Flanagan certainly plays up his London roots – and his East End vowels alone make everything at least 15 per cent more cheeky – but he is typically playful as he talks about the stereotype of double-busy geezers who like taking a walk ‘abhart’ on their patch. But how many Cockneys could drop a reference to 19th Century Danish Christian philosopher Soren Kirkegaard and make it seem entirely unforced? It’s not a gag about the juxtaposition, just something he happens to have read.
Social mobility means he’s risen from a school where driving a van was an ambition too far into middle-class comfort, a continuing theme that gives his anecdotes a purpose, as well as striking cords across the class spectrum.
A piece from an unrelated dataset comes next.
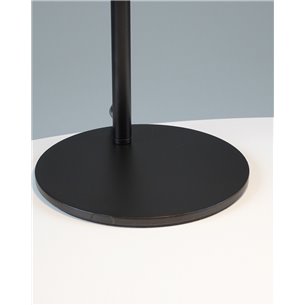 Лампа настольная|Moderli|Moderli V11002-TL Fine в дизайнерском стиле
On one level he’s a charismatic, roguish Jack-the-lad – but he’s well aware of the fact, and keen not too indulge the worst elements of that image.
He’s impish, but doesn’t want too cause offence – the segment about using ‘cunt’ as a term of endearment pretty much mirrors all that makes his approach so successful, using his charisma to make the rough-edged seem charming. It’s a winning way that lets him get away with smut, and makes even comic staples as drunk women on their nights out and youth culture seem fresh.
It takes a undoubted skill to turn watching a kettle boil into a stand-up routine, but that’s precisely what Flanagan does in a DVD that is sure to cement his reputation as an observational comic from the top drawer.